I believe he still holds 4 out of the 6 world records for the 1440 fita round and distances and the 70m round too. Insane level of shooting! 

And yet incredibly, Lee Woo Seok is more consistent on paper as he holds the world ranking number one position by virtue of medalling at every single international event he went to last year, Woojin just failed to medal at Berlin. 
I wouldn't be surprised that the sparring of these two is what is pushing the scores up. 

This season is going to be good... 😎


----------



## Captain Kirk (Sep 11, 2016)

limbwalker said:


> I always find it amusing when people criticize the very forum they post on.
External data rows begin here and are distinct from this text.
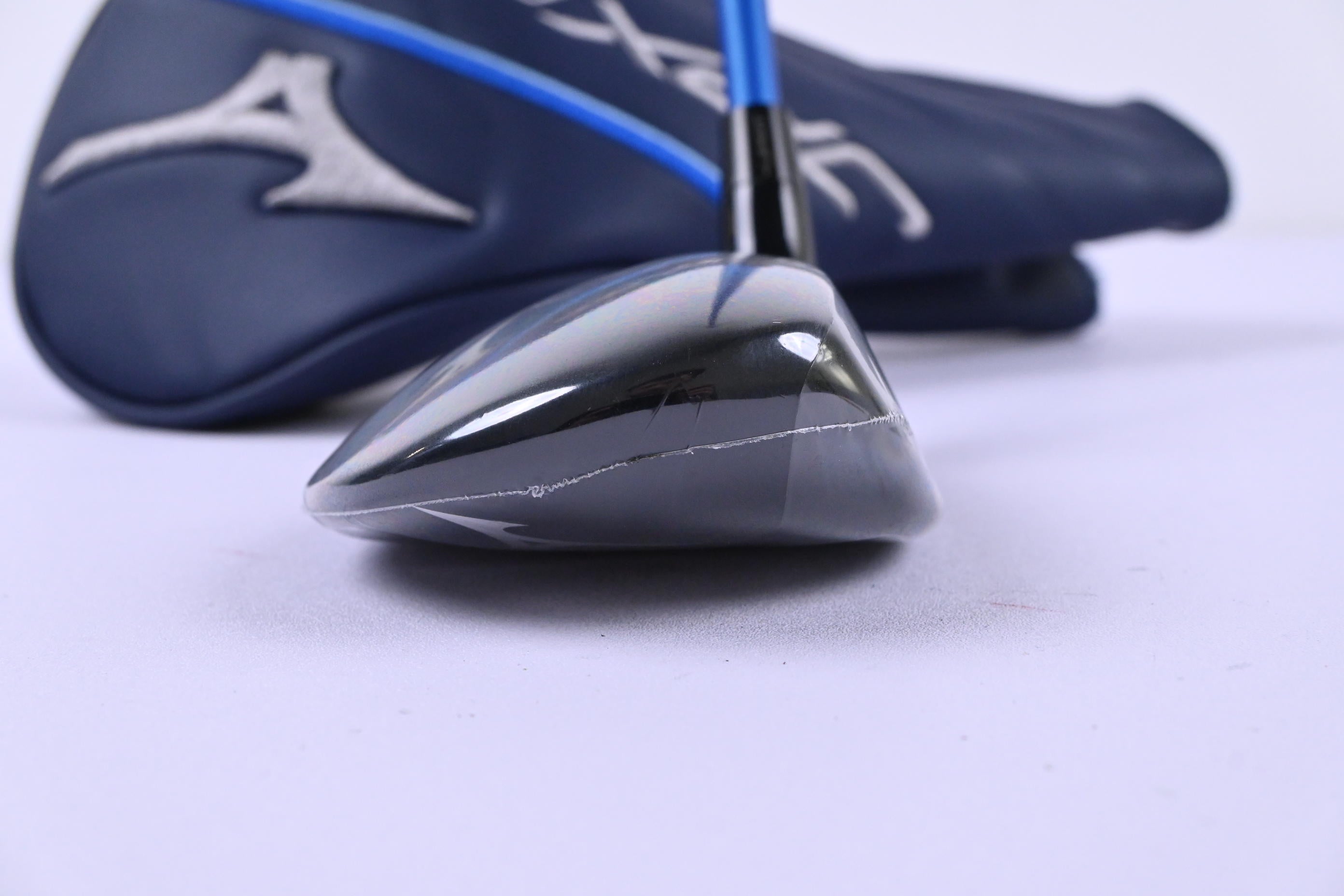 Mizuno JPX One #9 Wood / 24 Degree / Regular Flex Denali Frost Blue 60 Shaft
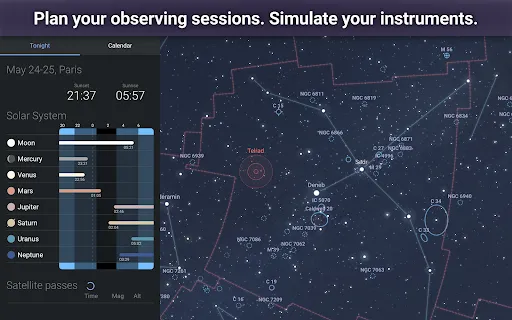Stellarium - Star Map screenshot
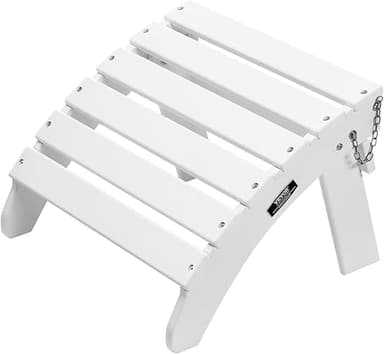 VEVOR Repose-pieds Pliable Adirondack, 450x500x350 mm, en…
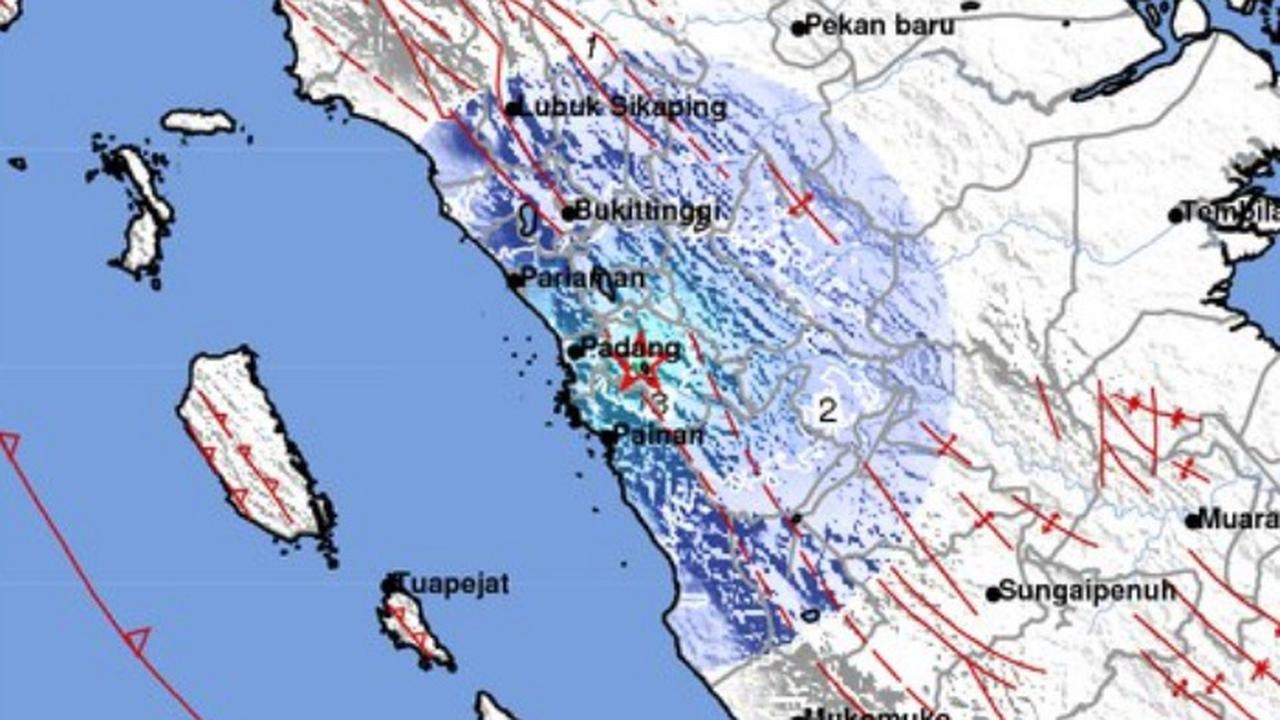 Gempa Sumbar
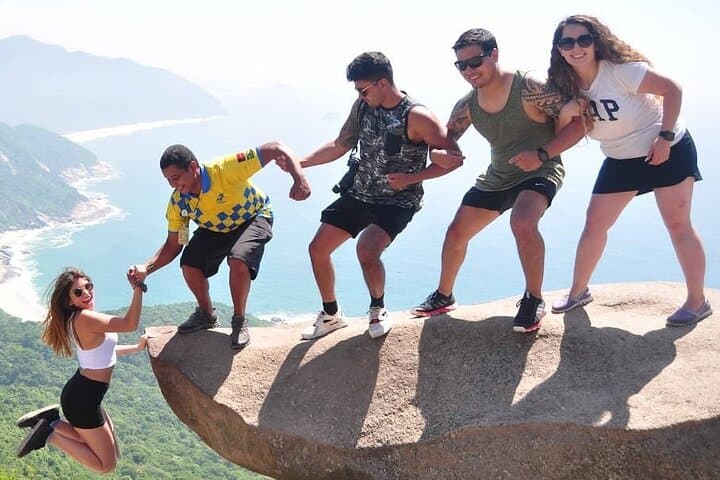 Pedra do Telegrafo Hike: Guided Trail with Hotel Pickup in Rio de Janeiro photo 3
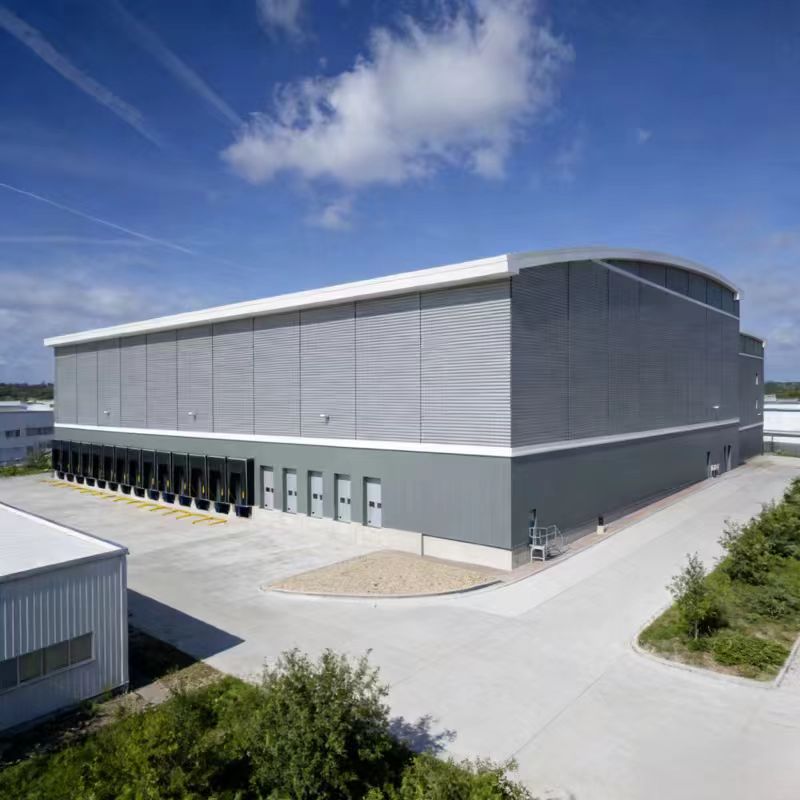 Customizable Large Span Steel Structure Modular Prefabricated Cold Storage Industrial Agricultural Warehouses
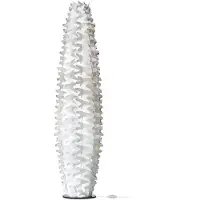 Slamp Golvlampa , CACTUS, Vit, Vardagsrum, Plast, Design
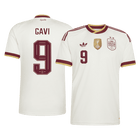 GAVI #9 Espagne Extérieur Maillot - Coupe du Monde 2026 Blanc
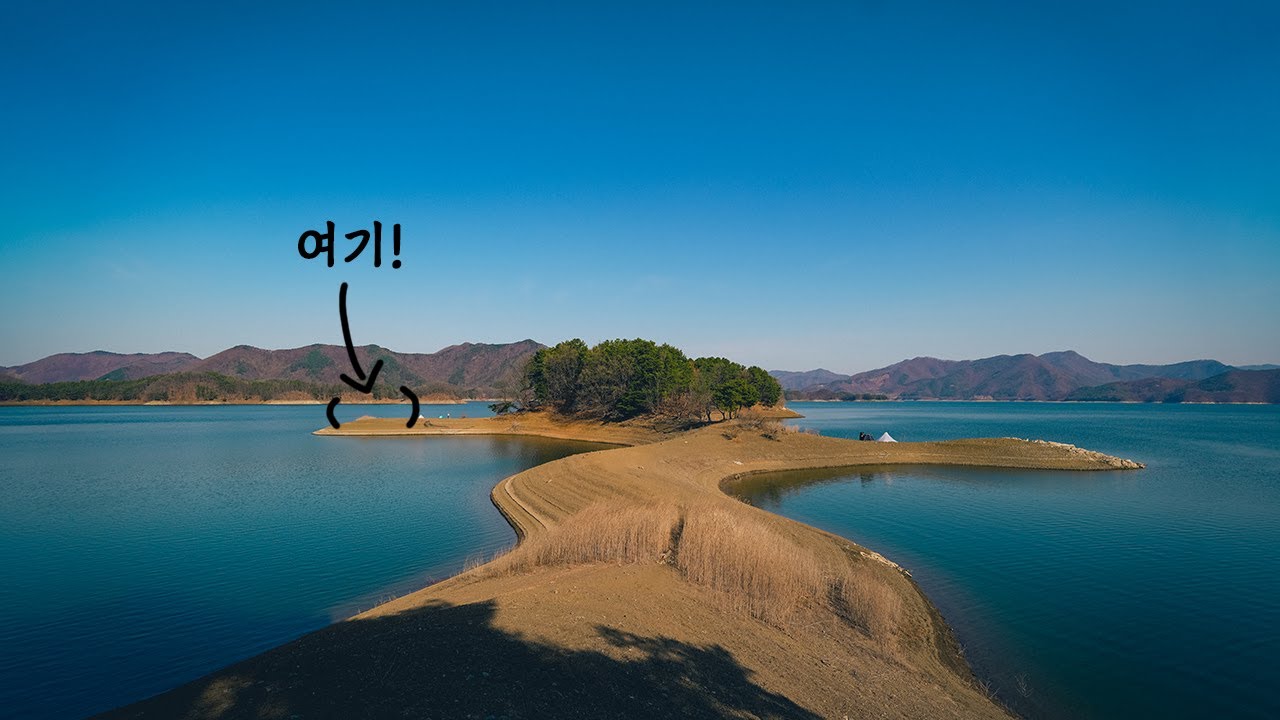 요즘 핫하다는 그곳에서 백패킹하고 왔습니다. 너무 좋은데요? (feat. 드론 추락사건)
Can't find criticism here.


----------



## Gregjlongbow (Jun 15, 2016)

10arrows said:


> Kim Woo Jin is my favorite archer. The man is awesome. His form looks flawless to me; but I am no expert


Same 


Sent from my iPhone using Tapatalk


----------



## theminoritydude (Feb 11, 2013)

10arrows said:


> Kim Woo Jin is my favorite archer. The man is awesome. His form looks flawless to me; but I am no expert


Mine is Jeremy Renner. He’s the most famous archer alive.


----------



## Skropi (Jan 1, 2019)

theminoritydude said:


> 10arrows said:
> 
> 
> > Kim Woo Jin is my favorite archer. The man is awesome. His form looks flawless to me; but I am no expert
> ...


I had to use google, as I am not good with names. Well........I almost threw up lol.


----------



## chrstphr (Nov 23, 2005)

tooold said:


> Chris, could you confirm this and perhaps determine what weight limbs he is using and his holding weight?


Kim Woojin is shooting the new Zest limbs. His limbs are 46# longs. His holding weight is 52-54 pounds. 

Chris


----------



## moomooholycow (Sep 15, 2016)

Skropi said:


> I had to use google, as I am not good with names. Well........I almost threw up lol.


Ok, maybe; but how many of us can SING about their shooting like he can?

https://www.youtube.com/watch?v=aQ27iS1mkuo


----------



## stevebster (Feb 5, 2018)

all these short term memory folks. Clearly Legolas is the most famous archer alive.. I think it would be a coin flip between Renner, AKA Hawkeye, and Katniss for second. Shout out to Brady though for his stage win yesterday.


----------



## BlasterMcMassiv (Aug 20, 2018)

Yes


----------



## EvilGarfield (May 30, 2018)

chrstphr said:


> Kim Woojin is shooting the new Zest limbs. His limbs are 46# longs. His holding weight is 52-54 pounds.
> 
> Chris


Amy idea when those limbs will be coming out and what will their price range be?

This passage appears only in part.